━━━━━ Information shown ━━━━━
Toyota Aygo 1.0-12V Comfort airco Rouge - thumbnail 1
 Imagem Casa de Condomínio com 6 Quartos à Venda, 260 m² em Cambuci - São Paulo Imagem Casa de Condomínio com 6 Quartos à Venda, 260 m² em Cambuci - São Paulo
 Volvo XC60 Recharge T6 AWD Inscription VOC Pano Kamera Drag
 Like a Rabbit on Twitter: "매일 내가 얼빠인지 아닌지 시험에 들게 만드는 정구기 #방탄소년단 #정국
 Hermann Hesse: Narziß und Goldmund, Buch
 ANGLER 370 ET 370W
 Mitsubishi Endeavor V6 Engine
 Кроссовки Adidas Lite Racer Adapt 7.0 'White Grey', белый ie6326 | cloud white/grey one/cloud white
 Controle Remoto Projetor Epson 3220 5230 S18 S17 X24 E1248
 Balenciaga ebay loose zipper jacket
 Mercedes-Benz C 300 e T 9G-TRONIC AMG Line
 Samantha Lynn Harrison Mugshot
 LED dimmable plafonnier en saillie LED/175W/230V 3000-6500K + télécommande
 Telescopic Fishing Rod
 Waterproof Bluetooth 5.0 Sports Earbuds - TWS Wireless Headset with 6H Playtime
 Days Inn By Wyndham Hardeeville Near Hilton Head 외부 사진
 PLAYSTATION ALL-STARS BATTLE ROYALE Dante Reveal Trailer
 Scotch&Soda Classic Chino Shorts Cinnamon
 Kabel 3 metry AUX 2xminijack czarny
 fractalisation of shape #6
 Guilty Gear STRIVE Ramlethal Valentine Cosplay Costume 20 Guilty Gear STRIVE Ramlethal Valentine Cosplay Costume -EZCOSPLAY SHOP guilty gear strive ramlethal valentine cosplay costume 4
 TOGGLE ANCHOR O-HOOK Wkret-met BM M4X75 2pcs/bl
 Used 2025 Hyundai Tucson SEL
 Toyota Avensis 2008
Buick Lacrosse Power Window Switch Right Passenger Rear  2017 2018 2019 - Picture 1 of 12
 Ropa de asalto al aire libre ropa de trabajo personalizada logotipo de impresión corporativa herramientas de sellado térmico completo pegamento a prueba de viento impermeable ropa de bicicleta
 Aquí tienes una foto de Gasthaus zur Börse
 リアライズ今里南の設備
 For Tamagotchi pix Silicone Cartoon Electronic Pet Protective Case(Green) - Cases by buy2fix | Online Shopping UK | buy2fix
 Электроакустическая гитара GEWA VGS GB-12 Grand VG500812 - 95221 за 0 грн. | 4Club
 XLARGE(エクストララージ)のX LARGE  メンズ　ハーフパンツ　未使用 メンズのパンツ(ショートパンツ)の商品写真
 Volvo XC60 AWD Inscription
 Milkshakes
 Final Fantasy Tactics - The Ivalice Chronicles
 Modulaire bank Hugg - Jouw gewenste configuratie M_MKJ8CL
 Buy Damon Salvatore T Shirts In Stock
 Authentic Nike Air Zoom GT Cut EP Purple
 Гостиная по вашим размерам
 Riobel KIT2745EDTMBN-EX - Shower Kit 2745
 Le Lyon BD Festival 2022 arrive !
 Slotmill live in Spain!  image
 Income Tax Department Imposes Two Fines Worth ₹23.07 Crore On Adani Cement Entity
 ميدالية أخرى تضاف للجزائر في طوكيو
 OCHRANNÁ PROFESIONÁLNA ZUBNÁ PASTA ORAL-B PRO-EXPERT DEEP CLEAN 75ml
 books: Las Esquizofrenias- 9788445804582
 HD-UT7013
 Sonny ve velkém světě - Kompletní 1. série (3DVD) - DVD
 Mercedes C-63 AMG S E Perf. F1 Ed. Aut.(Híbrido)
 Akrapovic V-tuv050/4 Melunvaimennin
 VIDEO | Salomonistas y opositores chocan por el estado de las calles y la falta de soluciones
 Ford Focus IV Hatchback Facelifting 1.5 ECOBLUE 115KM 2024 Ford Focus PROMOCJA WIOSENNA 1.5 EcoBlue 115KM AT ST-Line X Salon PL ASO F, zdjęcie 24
━━━━━
■ **Task instructions**:
Exactly as they stand, please print the lines from the first line of the records above down to the line that includes "Like a Rabbit", both of those included and no others.

■ **Solution below**:
Toyota Aygo 1.0-12V Comfort airco Rouge - thumbnail 1
 Imagem Casa de Condomínio com 6 Quartos à Venda, 260 m² em Cambuci - São Paulo Imagem Casa de Condomínio com 6 Quartos à Venda, 260 m² em Cambuci - São Paulo
 Volvo XC60 Recharge T6 AWD Inscription VOC Pano Kamera Drag
 Like a Rabbit on Twitter: "매일 내가 얼빠인지 아닌지 시험에 들게 만드는 정구기 #방탄소년단 #정국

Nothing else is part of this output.